Nesta resenha não esgoto todos os assuntos tratados, mas é leitura indispensável não somente para se conhecer um período da história que não deve se repetir quanto para aqueles que gostam de política. Certas passagens chegam a ser revoltantes, tamanha a crueldade dos órgãos governamentais.

Em resumo, livro obrigatório. Na Travessa, custa R$ 47.

Disponibilizo abaixo vídeo descoberto no site da Editora Zahar com uma palestra do autor sobre o livro. Apesar de ser em inglês, não é de difícil compreensão. Também reproduzo abaixo entrevista do autor ao Estadão, concedida na última semana.


Pinochet: o horror revisitado
Em livro, chileno Heraldo Muñoz, diplomata e ex-assessor de Allende, reabre feridas da ditadura


João Paulo Charleaux - O Estado de S.Paulo

Poucos ditadores foram tão minuciosamente escrutinados pela literatura latino-americana quanto o chileno Augusto Pinochet (1915-2006). O general que comandou durante 17 anos um dos regimes mais brutais do mundo - responsável por mais de 3 mil mortes e desaparecimentos, além de 28 mil casos de tortura - teve seu duro rosto marcial e seus medonhos óculos escuros transformados na própria personificação do terror dos regimes militares.
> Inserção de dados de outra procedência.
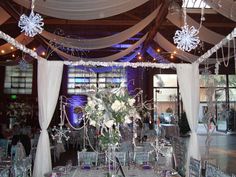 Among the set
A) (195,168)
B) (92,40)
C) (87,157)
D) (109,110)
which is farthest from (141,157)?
(92,40)

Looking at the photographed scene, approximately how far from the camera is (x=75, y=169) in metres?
4.19

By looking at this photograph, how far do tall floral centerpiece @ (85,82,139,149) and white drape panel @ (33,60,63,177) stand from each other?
2.43 meters

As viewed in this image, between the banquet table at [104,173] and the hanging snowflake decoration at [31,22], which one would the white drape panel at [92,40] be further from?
the hanging snowflake decoration at [31,22]

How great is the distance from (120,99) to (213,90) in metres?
5.68

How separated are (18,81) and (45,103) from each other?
30.4ft

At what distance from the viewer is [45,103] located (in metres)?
5.18

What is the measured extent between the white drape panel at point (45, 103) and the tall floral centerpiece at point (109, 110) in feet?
7.96

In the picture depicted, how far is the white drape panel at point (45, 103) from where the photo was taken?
5.15 m

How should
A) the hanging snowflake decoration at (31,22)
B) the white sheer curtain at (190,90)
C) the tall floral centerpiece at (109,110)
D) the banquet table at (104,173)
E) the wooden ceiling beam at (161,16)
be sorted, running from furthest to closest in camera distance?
the white sheer curtain at (190,90) < the wooden ceiling beam at (161,16) < the banquet table at (104,173) < the hanging snowflake decoration at (31,22) < the tall floral centerpiece at (109,110)

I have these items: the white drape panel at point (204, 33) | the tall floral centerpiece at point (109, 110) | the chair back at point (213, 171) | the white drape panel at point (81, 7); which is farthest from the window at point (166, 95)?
the tall floral centerpiece at point (109, 110)

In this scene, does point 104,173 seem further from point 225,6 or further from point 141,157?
point 225,6

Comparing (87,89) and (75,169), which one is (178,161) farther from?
(87,89)

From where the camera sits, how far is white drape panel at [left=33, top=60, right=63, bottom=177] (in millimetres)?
5148

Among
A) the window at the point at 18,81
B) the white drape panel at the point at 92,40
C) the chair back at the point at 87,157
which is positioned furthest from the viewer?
the window at the point at 18,81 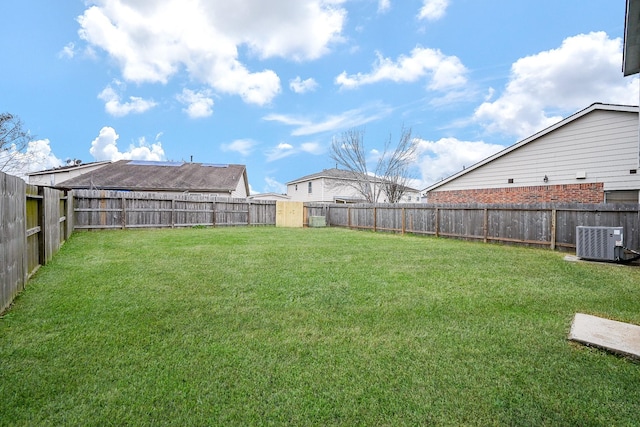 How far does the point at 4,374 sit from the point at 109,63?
1493 centimetres

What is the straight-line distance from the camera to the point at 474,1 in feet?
33.6

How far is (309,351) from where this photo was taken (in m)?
2.68

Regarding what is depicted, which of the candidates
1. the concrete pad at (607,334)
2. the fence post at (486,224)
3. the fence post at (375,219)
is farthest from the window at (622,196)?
the concrete pad at (607,334)

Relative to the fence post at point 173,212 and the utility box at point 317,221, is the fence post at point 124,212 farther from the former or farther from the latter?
the utility box at point 317,221

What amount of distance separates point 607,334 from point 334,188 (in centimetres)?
2573

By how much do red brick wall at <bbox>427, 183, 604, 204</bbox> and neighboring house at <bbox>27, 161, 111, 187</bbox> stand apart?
26049 millimetres

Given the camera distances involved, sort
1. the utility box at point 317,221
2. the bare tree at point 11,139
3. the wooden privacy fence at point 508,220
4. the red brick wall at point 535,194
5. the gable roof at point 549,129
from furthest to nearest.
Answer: the utility box at point 317,221 < the bare tree at point 11,139 < the red brick wall at point 535,194 < the gable roof at point 549,129 < the wooden privacy fence at point 508,220

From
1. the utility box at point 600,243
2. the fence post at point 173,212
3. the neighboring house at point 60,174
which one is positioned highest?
the neighboring house at point 60,174

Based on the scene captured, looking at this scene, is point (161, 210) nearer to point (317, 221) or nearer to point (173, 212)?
point (173, 212)

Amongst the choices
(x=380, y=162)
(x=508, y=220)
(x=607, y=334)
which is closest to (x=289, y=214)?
(x=380, y=162)

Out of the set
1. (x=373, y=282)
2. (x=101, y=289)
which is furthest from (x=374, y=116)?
(x=101, y=289)

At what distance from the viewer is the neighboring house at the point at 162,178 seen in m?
21.1

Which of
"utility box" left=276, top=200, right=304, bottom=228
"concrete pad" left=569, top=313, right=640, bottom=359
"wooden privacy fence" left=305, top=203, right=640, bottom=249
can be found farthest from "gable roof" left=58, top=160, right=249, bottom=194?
"concrete pad" left=569, top=313, right=640, bottom=359

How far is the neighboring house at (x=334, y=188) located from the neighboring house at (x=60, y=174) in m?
17.5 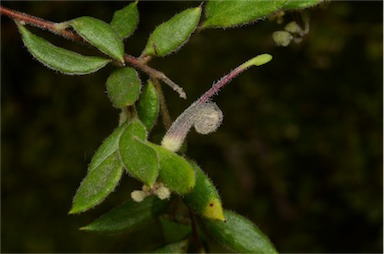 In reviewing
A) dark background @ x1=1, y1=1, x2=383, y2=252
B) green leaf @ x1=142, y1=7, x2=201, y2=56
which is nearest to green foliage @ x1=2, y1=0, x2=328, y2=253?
green leaf @ x1=142, y1=7, x2=201, y2=56

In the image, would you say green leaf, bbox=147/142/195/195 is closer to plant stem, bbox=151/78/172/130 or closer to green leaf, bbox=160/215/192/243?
plant stem, bbox=151/78/172/130

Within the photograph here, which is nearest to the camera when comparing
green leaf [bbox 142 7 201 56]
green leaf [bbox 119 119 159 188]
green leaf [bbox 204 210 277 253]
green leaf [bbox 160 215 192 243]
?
green leaf [bbox 119 119 159 188]

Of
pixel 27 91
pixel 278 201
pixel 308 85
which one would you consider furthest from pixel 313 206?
pixel 27 91

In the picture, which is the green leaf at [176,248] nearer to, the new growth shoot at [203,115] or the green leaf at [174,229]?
the green leaf at [174,229]

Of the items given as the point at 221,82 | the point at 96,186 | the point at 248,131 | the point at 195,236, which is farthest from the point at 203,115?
the point at 248,131

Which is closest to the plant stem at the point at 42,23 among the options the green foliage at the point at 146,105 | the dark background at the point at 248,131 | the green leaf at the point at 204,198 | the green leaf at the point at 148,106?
the green foliage at the point at 146,105

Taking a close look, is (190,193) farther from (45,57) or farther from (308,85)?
(308,85) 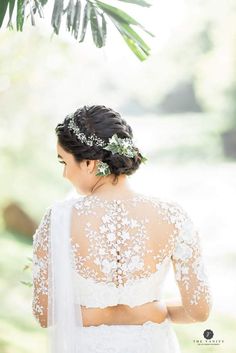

Uma figura assim, tão caricata de suas próprias brutalidades, dificilmente teria uma nova faceta a revelar. Mas o chileno Heraldo Muñoz, membro ativo do governo socialista de Salvador Allende durante o golpe de 11 de setembro de 1973, conseguiu transformar o que já seria um excelente relato emocional numa análise acurada do contexto político que selou o destino não apenas do Chile, mas de vários países do mundo que serviram de tabuleiro para o tenso jogo de interesses entre EUA e URSS nos anos 60 e 70.

Muñoz - que foi embaixador do Chile nas Nações Unidas até o início do ano, quando assumiu o cargo de diretor do Programa da ONU para o Desenvolvimento (PNUD) - conta no livro A Sombra do Ditador - Memórias Políticas do Chile sob Pinochet (Zahar, 394 páginas, R$ 59) sua aventura como militante combativo (e combatente) nos anos de chumbo. Mas, mais do que isso, revela documentos pouco conhecidos sobre o envolvimento dos EUA no golpe e sobre o tenso bastidor do governo Allende, que tornou insustentavelmente aguda a divisão política do país a ponto de sofrer o que seria o primeiro golpe contra um líder marxista eleito democraticamente. A seguir, os principais trechos da entrevista que Muñoz concedeu ao Estado, de Nova York, por e-mail:

O sr. descreve um Pinochet astuto e oportunista, mas não muito inteligente. Não é demais supor que um homem assim tenha sido capaz de ficar no poder por 17 anos, resistindo não apenas às pressões dos democratas, mas passando para trás seus rivais militares também?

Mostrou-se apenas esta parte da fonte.